Machine Analogy of Industrial Society


Society has a split personality. To talk of capitalist society is something of a contradiction of terms. The advocates of capitalism, often cite how the system more closely represents the natural world with competition and the survival of fitess: it is also why many nations have problematic legislation which protects competition rather than protecting diversity and security of supply. Such regulation implies a certain mechanical analogy to society. That society is a designed and planned machine with specific purpose. When people complain about the state of the health care system, and long waiting queues, there is an inference the machine is broken. When people complain about the state of the roads and the quality of service from public transport, there is an implication that the machine is broken. When people complain about the failure of the education system once again an implication that the machine is broken. The supply of water the disposal of waste. Financing the unemployed, the sick and the retired. Every subsystem is defective, and the machine is broken.

But if the machine is broken, then at some point in time the machine had to have been fully operational and fullfilling its function properly. Whilst some people may refer back to better times, those better times as with now, were only better for some people not all. The machine has never been fully operational, for it has never been fully built. The construction of the machine is a work in progress, but that is not what the educators imply to their pupils. Educators teach as if the machine was fully operational. There is confusion has to whether we have to fight to survive in the wilderness of the concrete jungle, or whether we are simply cogs within the machinery of industrial society.

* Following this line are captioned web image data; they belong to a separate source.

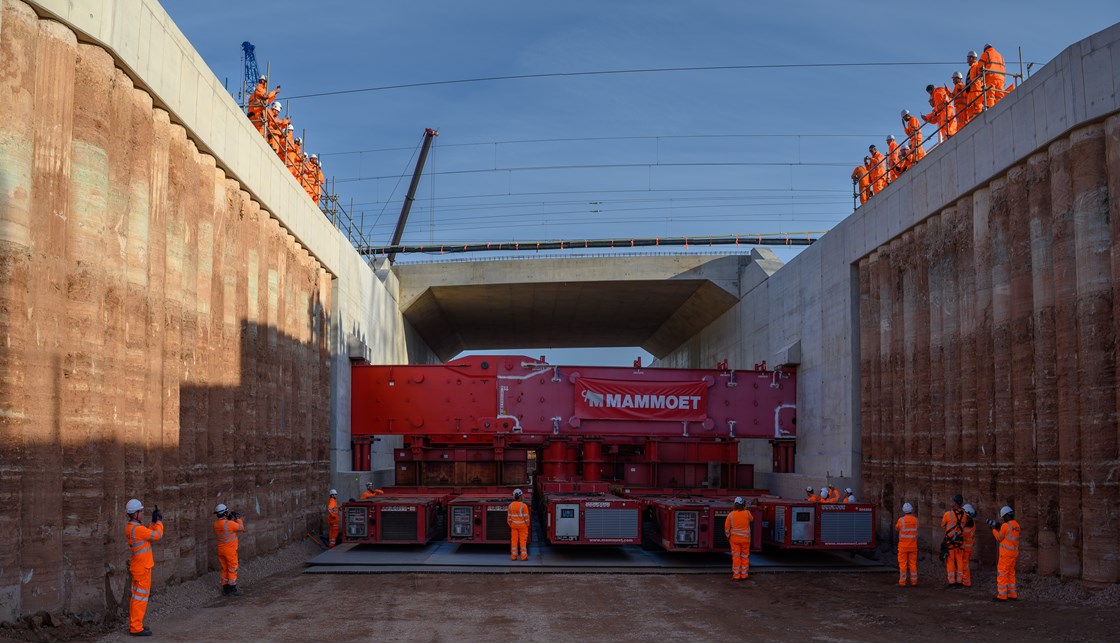 6,200 tonne Fulfen Wood bridge moving into place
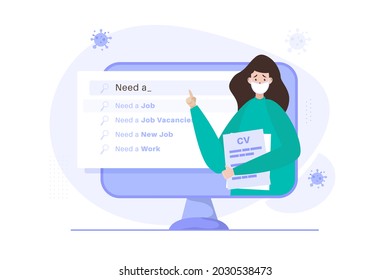 A Woman Looking For A Job Online On Website For Pandemic Jobless Illustration Concept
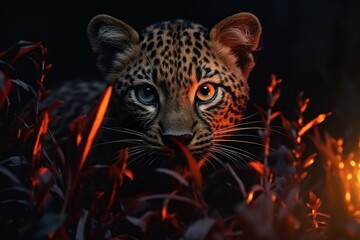 cineamagraphic shot, of a gepard glowing eyes
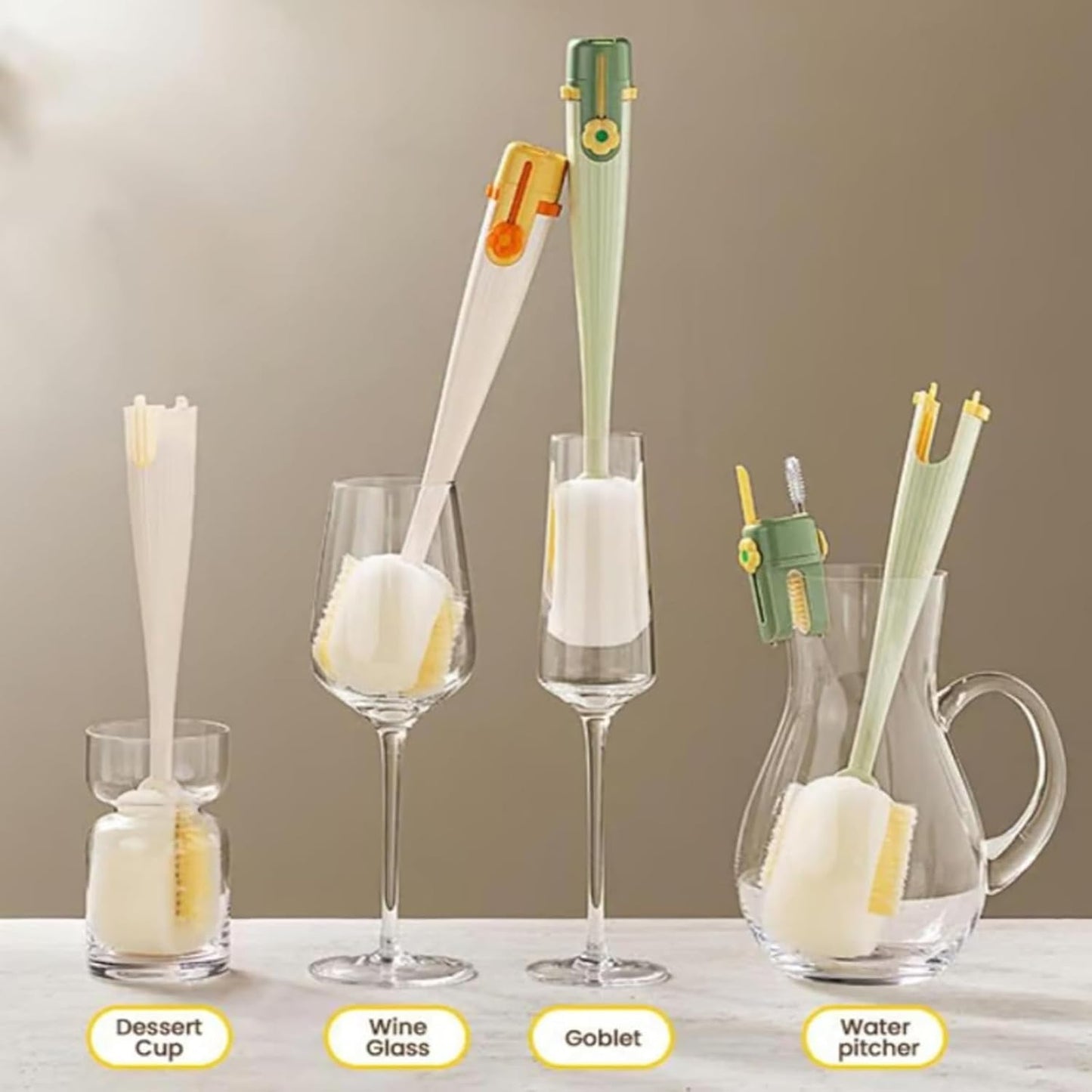 5 in 1 Bottle Cleaning Brush Set, 5‑in‑1 Multifunctional Bottle Cleaning Brush Set, Straw, Lid, Gap & Cup Brushes for Travel and Home Use (Yellow)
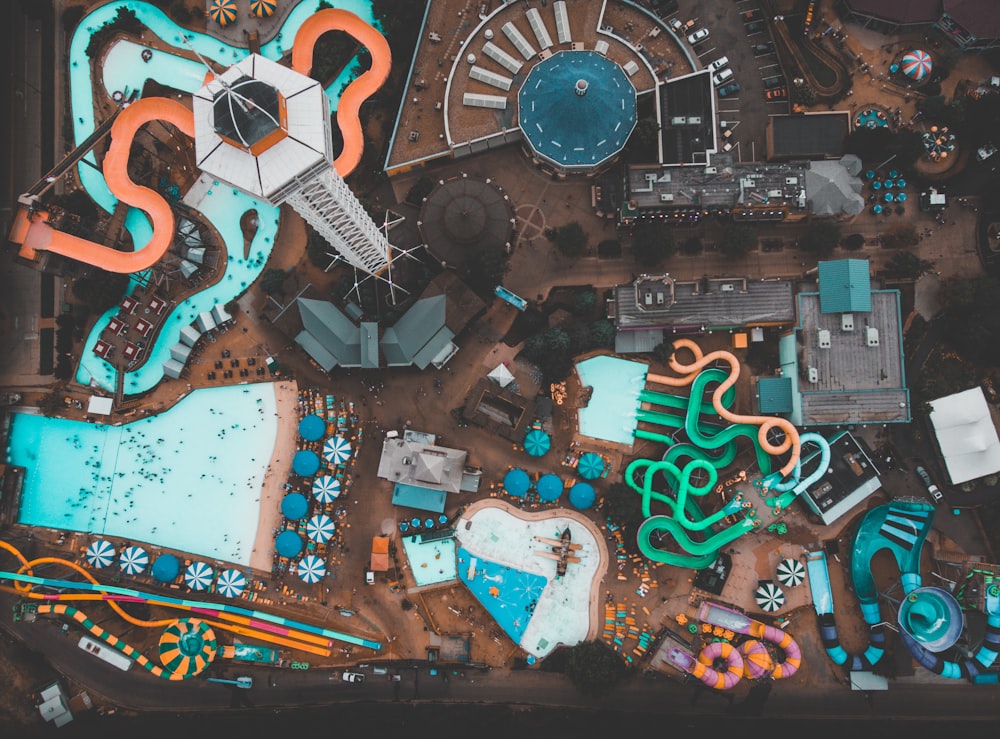 top-view of a water park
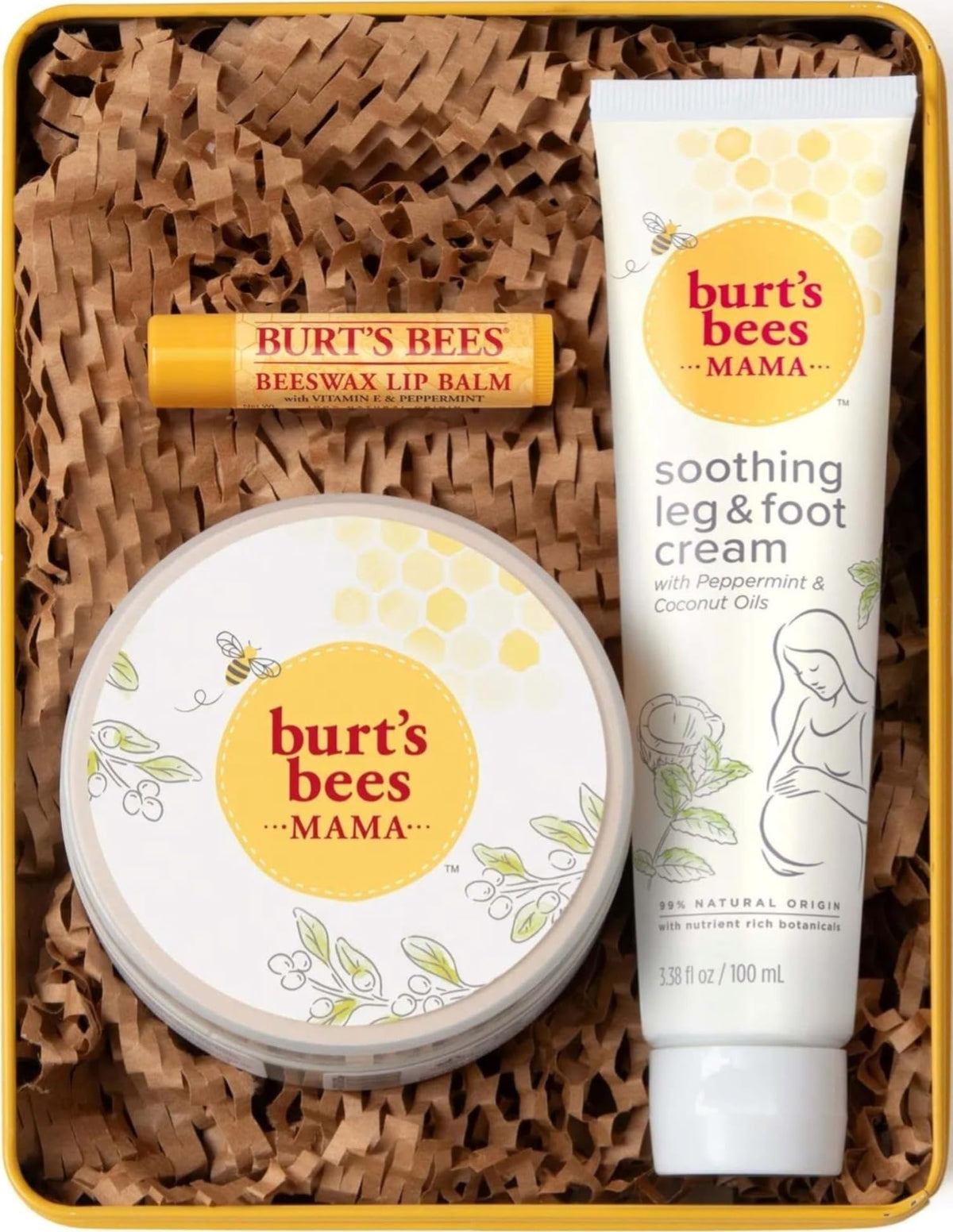 Burt's Bees front tin view showing complete gift set and natural appeal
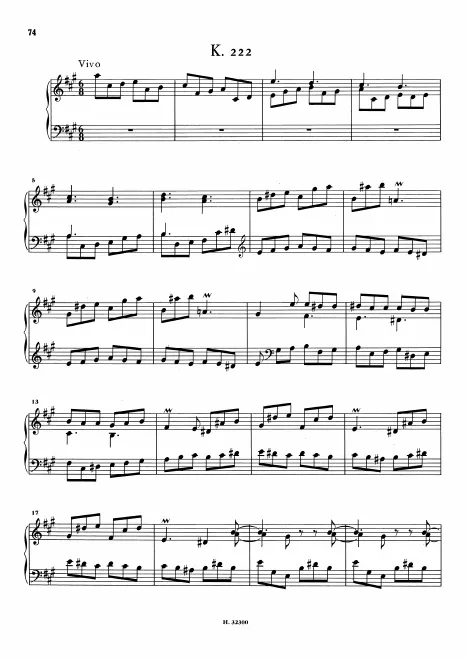 First page of Keyboard Sonata in A major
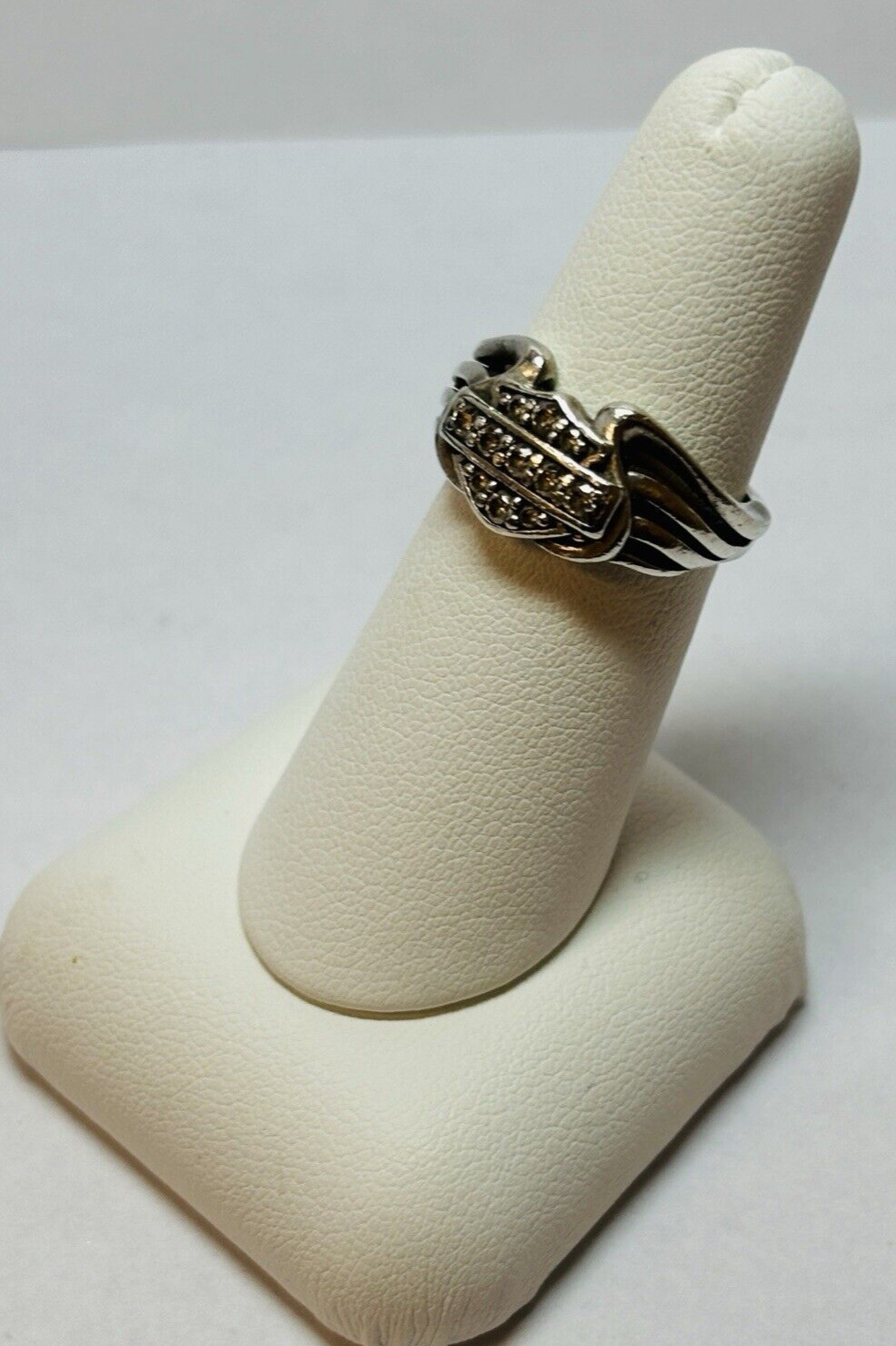 MOD Harley Davidson Sterling 925 Silver CZ Shield Logo Ring Sz 6.25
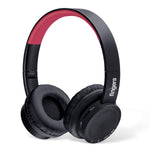 Bluetooth Wireless On-Ear Headset with Mic (Multi-Function) - Soft Black + Rich Red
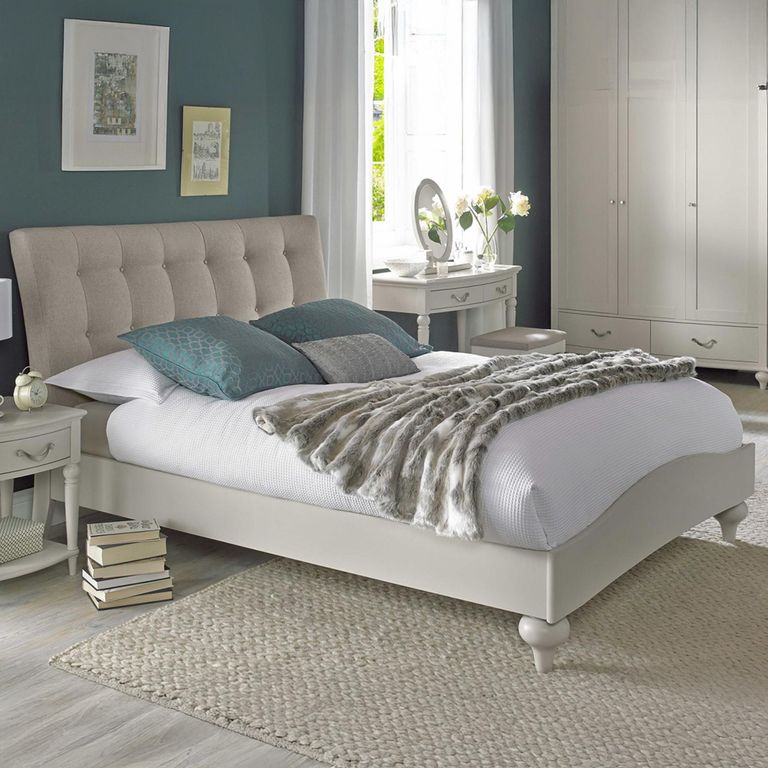 Montreux Bed - 5ft King Size - Soft Grey & Pebble Grey Fabric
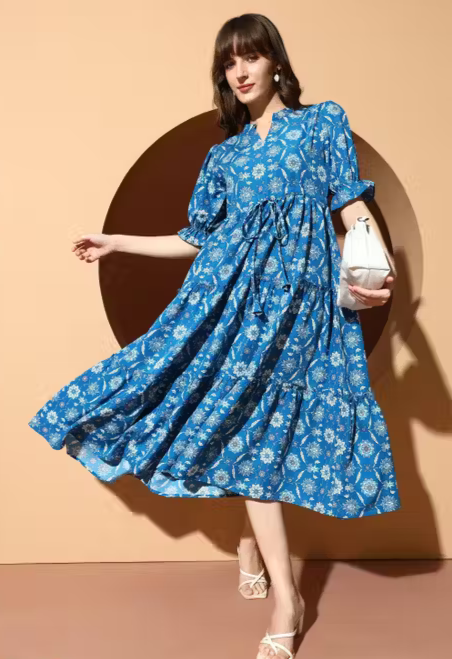 OTABU | Dress For Women | Floral Printed | Tiered Midi Dress | Puff Sleeves | Drawstring Waist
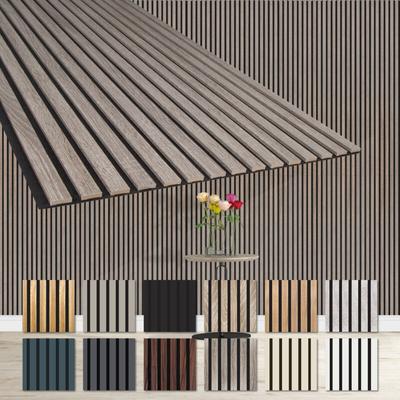 Lamellen Akustikpaneele 1,67 m² flexible Wandpaneele 278x60cm mdf Wandverkleidung schalldämmend: Image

Some people think they are not cogs: but isolate them entirely from industrial society and see how well they can survive. They are analogous cogs, because they drive and are driven by the industrial machine, from one cog to the next. As drive system or power supply, they are still component parts of the machine: represented by cogs. They are not outside of the machine, and they cannot walk away from the machine. In this respect we are certainly inferior to our ancestors reaching out into the unknown, a pioneering colony on the Moon, or Mars or a space station beyond Pluto is all a constrained possibility because of an unrealistic desire for a perfectly safe machine.

Except that we do not currently operate in a perfectly safe machine, simply travelling to and from place of work is a major risk: likely to result in death. This risk we desire to remove, to perfect the machine, and yet we don't want to be cogs in the machine. Everybody else is expected to be a highly regulated cog with in the machine but not ourselves: everyone tends towards unlimited freedom for themselves and shackles for everyone else. Legislation, regulations and law are all part of the technology of the machinery of industrial society. The laws and regulations are the software that controls the operation of the machine.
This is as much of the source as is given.